Returning to the unwarrantable failure finding made by Noel, and noting that the mine referenced that they were pushing berms or pushing dumps, in the reports, Respondent inquired how that squared with unwarrantability. Noel responded that no specific locations were identified in those reports, nor was any specific hazard identified. In short, the reports were quite vague. Tr. 268-269. Noel then repeated that his determination of unwarrantability was based on the obviousness of the conditions, reminding that, per his earlier testimony, the berm was saturated in mud. In addition, his conclusion was based on his speaking with Phillip Lutgring, and the evidence at the scene. Tr. 270. As the questioning about that determination continued, the inspector replied further “it's unwarrantable because of the length of time that it existed, the obvious, the danger that it presented itself with, the onshift examination. You know, he told me that he had drove through the area and that he was able to identify the mid-axle height of the -- that the berm was, and that … it appeared to be okay. So based on all of the evidence, not just -- it's a -- it's a piece of the puzzle.” Tr.270-271. Thus, Noel’s point was that his determination relied on more than one thing.  Tr.271. Respondent’s Counsel suggested that there needs to be evidence that a mine had previous berm violations for a matter to be unwarrantable. Tr. 278. The Court disagreed, expressing “if [the court] rob[bed] a bank and you show that I never robbed a bank before, I'm going to focus on whether -- probably, first, whether I robbed the bank, not whether I was attending church every Sunday in the decade before that.” Respondent agreed with the remark, but still believed there should be some evidence that the violation occurred before. Tr. 279.
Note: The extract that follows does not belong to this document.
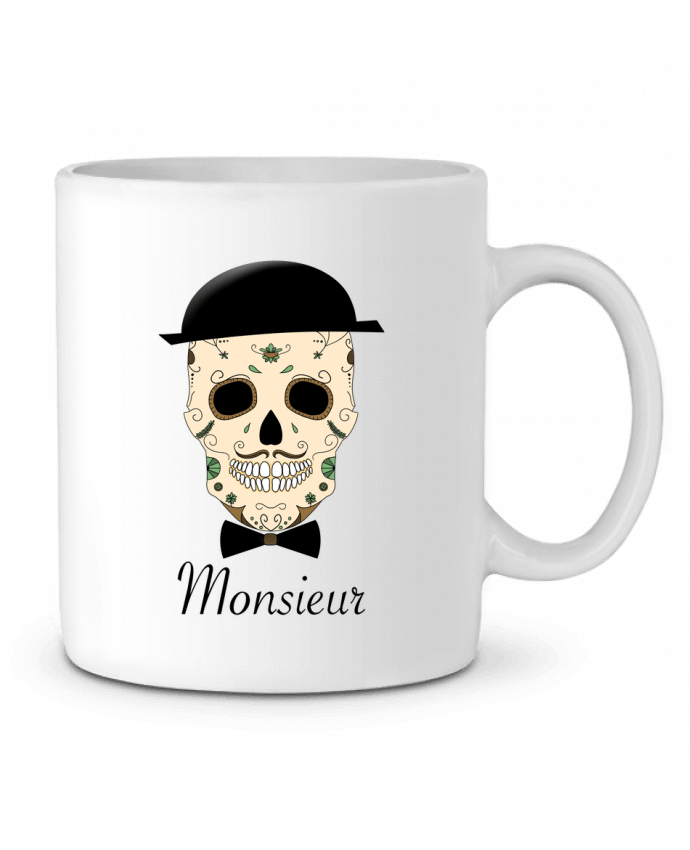 Mug  Calavera Monsieur par Mx ARTificiel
The Secretary having rested, Respondent called Matthew Atkinson. Tr. 299. He is the Respondent’s Vice-President for mining and is responsible for the entire mining operations of Solar’s surface operations. Tr. 300. He has a degree in geology, and is a licensed and certified geologist in Indiana. Tr. 299-300. Atkinson described the events at the scene on the day of the accident. He related, “we were trying to come up with a plan, first of all, first priority was to make sure the area's safe. The second priority is to make sure that we can continue dumping gob in the west part of the pit and -- and isolate these -- this -- isolate these operations so we can continue mining.” Tr. 306.
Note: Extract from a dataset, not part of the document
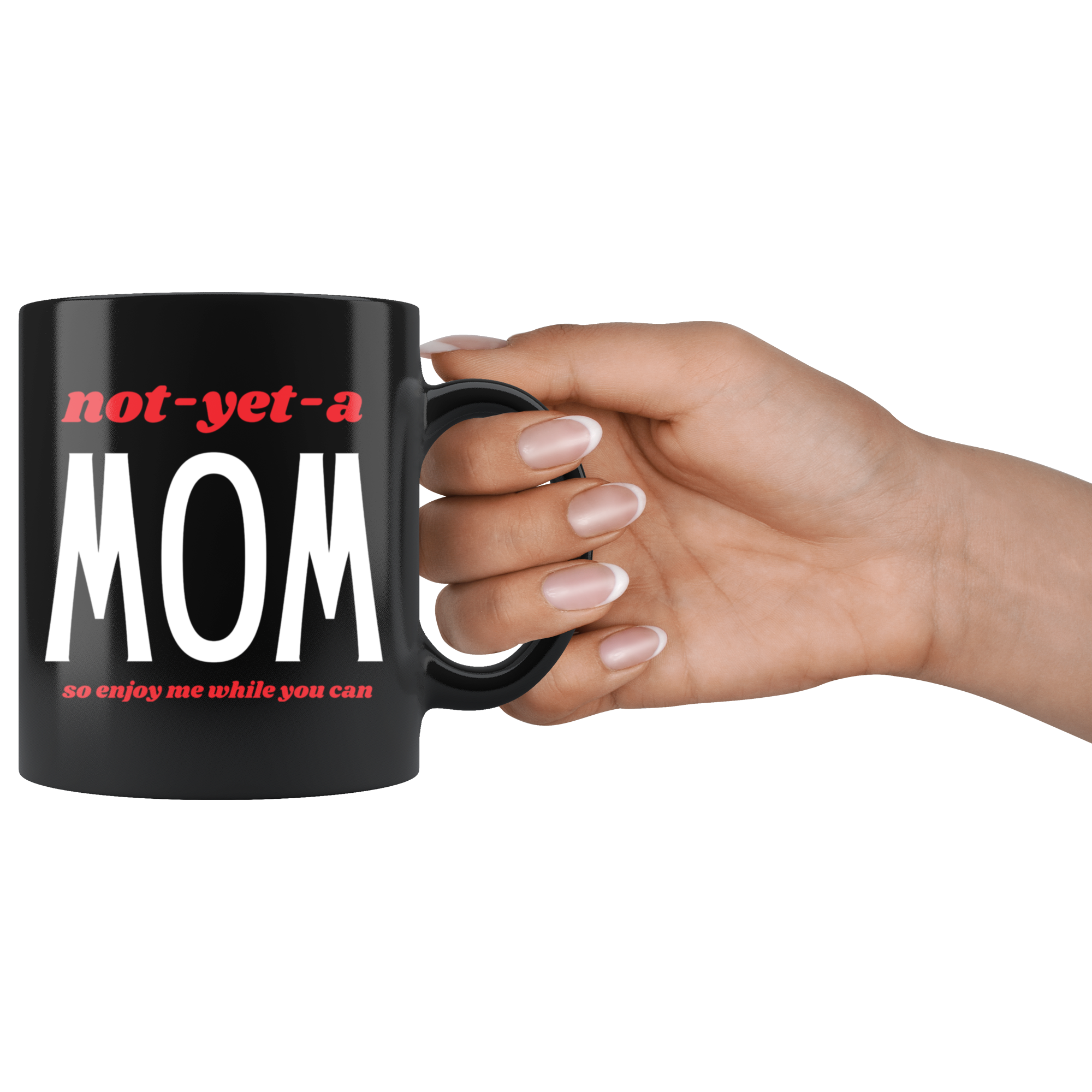 Enjoy Me While You Can Funny Mug Set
Atkinson also took photos at the time. Directed to Exhibits R 5 and 6, he described berm construction, stating that a berm is to be made of common material, shot rock over material, “hauled in from the excavating material of the coal mine.” Tr. 310. Atkinson also described the dumping process, stating the driver is to “swing by and the observe the area … [a]nd turn the vehicle so they can observe from the -- the cab is on the left-hand side of the vehicle, so if they approach from that side, from the left side, they can see the area. If they approach from the other
direction, then they make a -- a u-turn, basically, or make a semi-circle so they can observe the dump area, and they pull out. And they do that observing, looking for cracks, making sure the berm is there, making sure there's no soft areas. They're -- they're trained to do that.” Tr. 311.
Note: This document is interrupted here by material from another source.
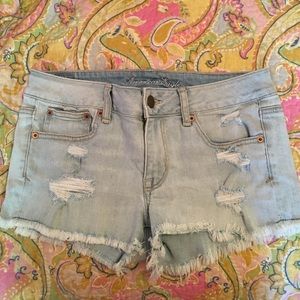 American Eagle jean shorts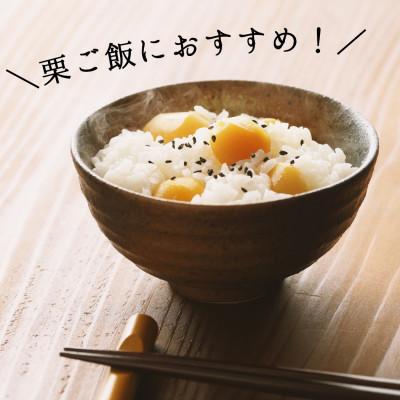 ふるさと納税 茨城県 栗ご飯にぴったり!茨城県産 貯蔵 石鎚栗 約2kg(約1kg×2袋) |  | 02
He continued with his description of the process, stating “They'll -- they'll swing out and then pull up perpendicular to and then back up, and they're instructed to back up watching the mirrors until they touch the berm, the[y] call "feeling the berm." It's barely just touching the berm. …[and in this process they are backing] [v]ery, very slow. I mean, the -- the -- that berm's not a back stop. The berm's just there to let them know how far to come back before they start dumping.” Tr. 312.
The Court, upon hearing this description, is of the view that Atkinson’s description of the practice may be the theory, but is unlikely in practice because, if applied, the driver would be performing a de facto on shift exam with each dump.
Atkinson’s take on the cause of the berm collapse was very different from that of the inspector. He stated,
[t]he berm was not there when we got there, so we had to look at what was left on each side of the berm, and I looked to see if the berm -- the sides that were left, the exposed cross-section showed competent rock and shot rock, make sure there was a berm there, and on both sides, that was present. You also look down over this ledge at the truck, and you see the shot rock on top of the material is full there, berm was, that had to be the berm material itself that was left over. It's grey compared to the black if you saw the change. So I knew that the berm had been there. There's no way that rock could've been there, because the -- the truck could not haul that material, did not come from the wash plant, so the only place it could've come from is the berm.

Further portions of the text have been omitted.